サッカー日本代表の10月シリーズは強豪に1勝1分。森保ジャパンに主力メンバー固定化のリスクも
【サッカージャーナリスト・河治良幸】
森保ジャパンは10月シリーズのワールドカップ最終予選2試合を戦い、厳しいアウエーの地でサウジアラビアに2−0の勝利。この勢いに乗りホーム埼玉スタジアムのオーストラリア戦で4連勝が期待された。
しかし、キャプテンのMF遠藤航を前日からの体調不良で欠く中、5−4−1の守備を固めるオーストラリアからなかなか得点を奪えず、後半の早い時間帯に相手クロスをクリアにいった谷口彰悟(シント=トロイデン)のオウンゴールで痛恨の失点。交代出場の中村敬斗(スタッド・ランス)が絶妙なドリブルからのクロスで、今度は相手のオウンゴールを誘った。
終盤は左サイドの三笘薫(ブライトン)と中村のコンビ、右サイドから鋭く仕掛ける伊東純也(スタッド・ランス)などがチャンスを作ったが、勝ち越しのゴールを決めることはできなかった。
もともと難しい試合になることは想定されていた。森保一監督が「オーストラリアもチームの能力がある。(守備が)崩れない中でも、ボールを握りながら何度も何度もアグレッシブに相手の守備網を崩そうとしてくれたチャレンジ、トライを評価したい」と語るように、決して悲観的になる内容ではないが、ここで最終予選の厳しさを思い起こさせてもらえたことが、この試合で一番の収穫と言えるかもしれない。
押し通した3−4−2−1
日本は9月に引き続き、2試合とも3−4−2−1のシステムを押し通した。オーストラリア戦後に、途中で4バックに変更するプランが無かったのかを問われて、森保監督は「選択に至るまでの考え方の中では4バックにすることももちろん、いろいろな形を考えていた。相手を押し込めていたし、バランス的には同じ形の中で選手たちが前に圧力を持って攻撃に参加していくということがより同点、逆転のためにベストだと思い、そのままの形で戦いを進めた」と答えている。

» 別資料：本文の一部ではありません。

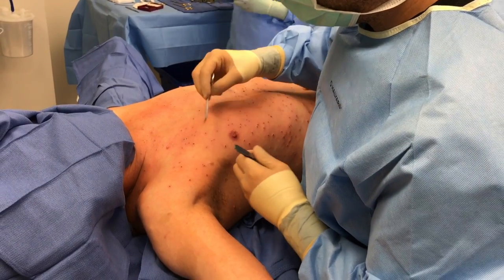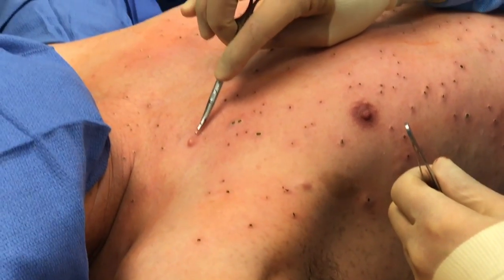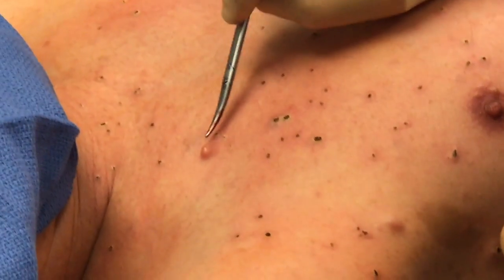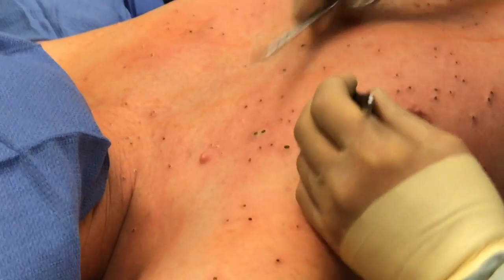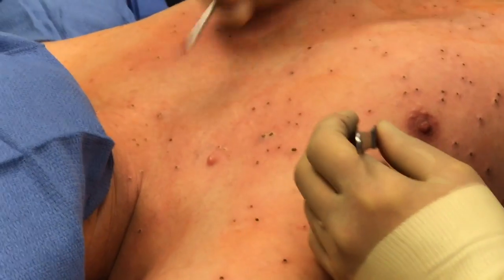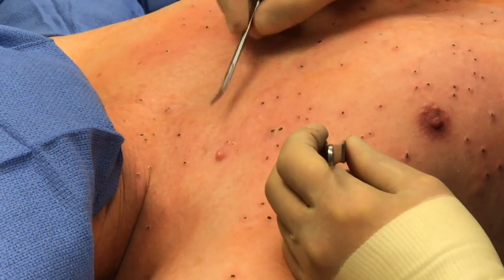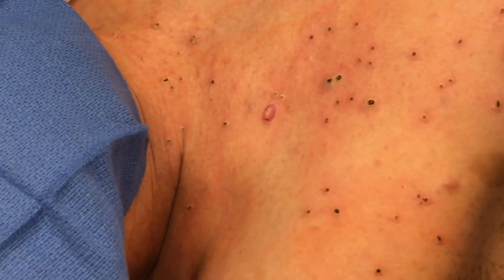We have a different type of nodular cutaneous or raised tumor of the skin here. Now this is a little bit too large for electro-desiccation, so I'm going to go ahead and excise that out. There are different ways to excise it — in an elliptical fashion as shown previously, or picking it up and essentially cutting the base of it off until we get a flush surface.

現在の3−4−2−1は4バックを使ってきたベースがあり、攻撃でも守備でも、流れの中で可変できることが前提に構成されている。攻撃はなかなか相手ゴールをこじ開けられなかったが、守備面ではオウンゴールの失点以外、セットプレーからのシュート1本しか打たれておらず、ハイプレスは3バック、自陣では5バックを敷く守備が、90分を通して安定していたことを示している。

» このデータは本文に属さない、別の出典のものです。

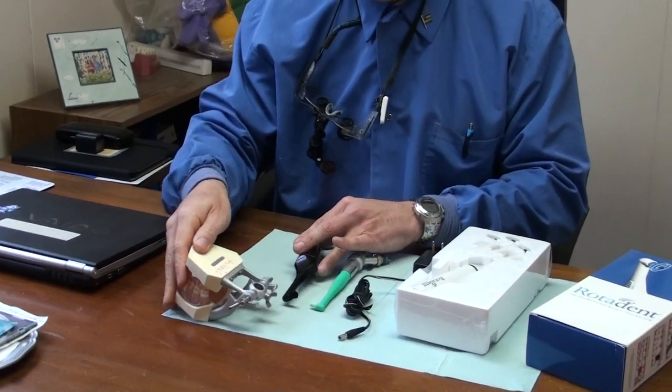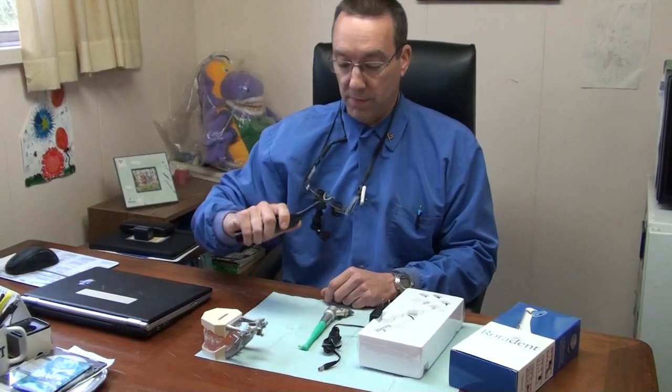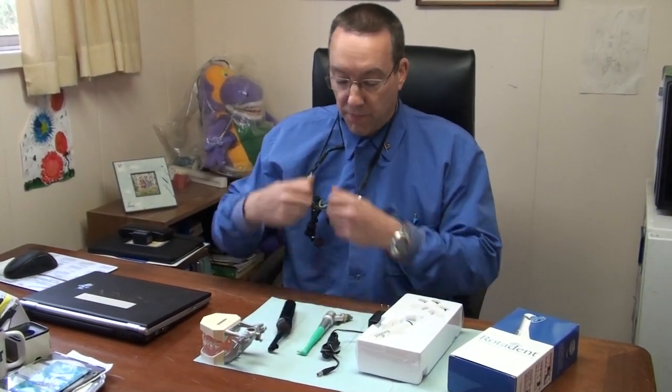We've found that this Rotodent appliance has been very helpful, especially with patients with periodontal disease and patients that have implants or braces, where it makes it difficult to clean the teeth, or someone that's having problems using their hands. It fits great. And flossing and tooth brushing can be difficult if you have arthritis.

ただ、少し後ろに重たくなっていたことも事実だ。そうした状況で菅原由勢(サウサンプトン)を右サイドバックとして入れて、3バック左の町田浩樹(サン・ジロワーズ)を左サイドバックにする形で、攻撃により厚みを付けることはできたかもしれない。
2トップの選択肢は…
終盤に上田綺世(ファイエノールト)に代わって前線に投入された小川航基(NECナイメヘン)は試合後、名波浩コーチに2トップを使うオプションが無かったのかを聞いたという。

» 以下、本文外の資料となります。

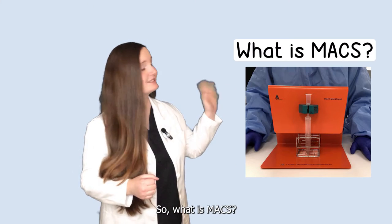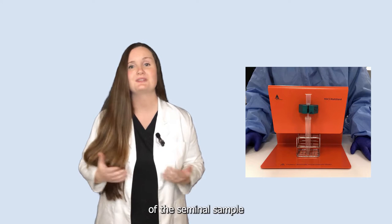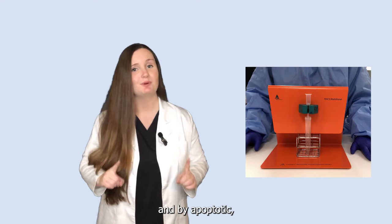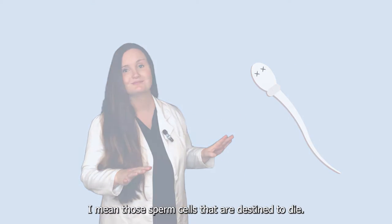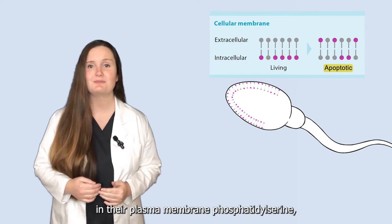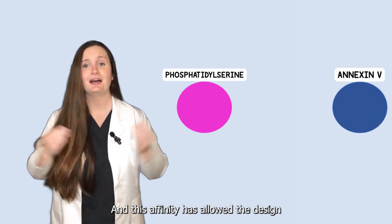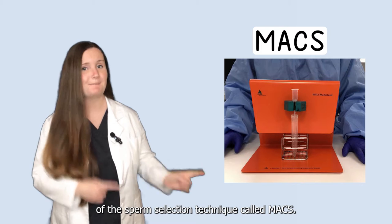So, what is MACS? MACS is a sperm selection technique that can be used to improve the overall quality of the seminal sample by removing the apoptotic sperm cells — and by apoptotic I mean those sperm cells that are destined to die. Apoptotic sperm cells externalize plasma membrane phosphatidylserine, which has high affinity for Annexin-5, and this affinity has allowed the design of the sperm selection technique called MACS.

オーストラリアの5バックに対して、クロスのターゲットが一枚というのは難しいものがある。だからこそ終盤に、高さもある三笘と鎌田大地(クリスタル・パレス)を2シャドーに並べたのかもしれないが、確かに小川が指摘する通り、上田を残して小川を加える“ツインタワー”も面白かったかもしれない。
小川は「2トップっていう形もあるかなって自分自身も思っていた。2トップだったらクロスに対して、FWが2枚いるので、センターバックがちょっと混乱するかなっていうところはちょっと感じていた」と語る。
2シャドーの顔ぶれも
最終予選でスタートから3試合、3−4−2−1が非常によく機能したことが、良くも悪くもシステムチェンジを決断させにくくしたとも考えられる。ただ、より問題なのは27人を招集しながら、23人のベンチ入りしたメンバーを含めてフィールド選手の起用が固定化されてきていることだ。
サウジアラビア戦から中4日のオーストラリア戦で、スタメンの入れ替えは2人。体調不良のキャプテン遠藤に代わり、田中碧(リーズ・ユナイテッド)が、この日のゲームキャプテンを務めた守田英正(スポルティング)とボランチのコンビを組んだ。もう一人は2シャドーが鎌田から久保建英(レアル・ソシエダ)になった。
ただ、この2人は9月の2試合でも1試合ずつスタメンで出ており、4試合連続でスタメンの南野拓実(モナコ)を軸に、2シャドーもチョイスが固まってきている。
サウジアラビア戦では右ウイングバックでスタメンだった堂安律(フライブルク)が、後半スタートから伊東が投入されたことにより、南野に代わり右のシャドーにポジションを上げた。左サイドはサウジアラビア戦では前田大然(セルティック)の投入に応じて、三笘が左ウイングバックから左シャドーにポジションをシフトしている。そういう配置の変化は選択肢を広げるが、1試合も使われずに終わる選手が、9月シリーズに続いて多く出る結果となった。
静岡県勢に出番なし
静岡県勢としては初招集の関根大輝(柏レイソル)が2試合続けてベンチ外、旗手怜央(セルティック)がベンチ入りはしたが、4試合連続で出番なく終わったのは残念だ。さらにイングランドでゴールを量産して初招集されたFW大橋祐紀(ブラックバーン)も起用されず。パリ五輪世代のキャプテンだったMF藤田譲瑠チマ(シント=トロイデン)、怪我の高井幸大(川崎フロンターレ)に代わる追加招集のDF瀬古歩夢(グラスホッパー)や望月ヘンリー海輝(FC町田ゼルビア)、そして常連の菅原にもチャンスは与えられなかった。
最終予選の中でも強豪のサウジアラビアとオーストラリアが相手となった10月シリーズは、少し堅い選手起用になるのは仕方がなかった部分もある。ただ、主力メンバーの固定化で、サブがなかなか試合に出られない状況が続くと、後々に響いてくる可能性がある。11月シリーズはインドネシア、そして中国との連続アウエーになるが、選手の調子を見極めながら、思い切った選手起用もあるのかどうか。注目していきたいところだ。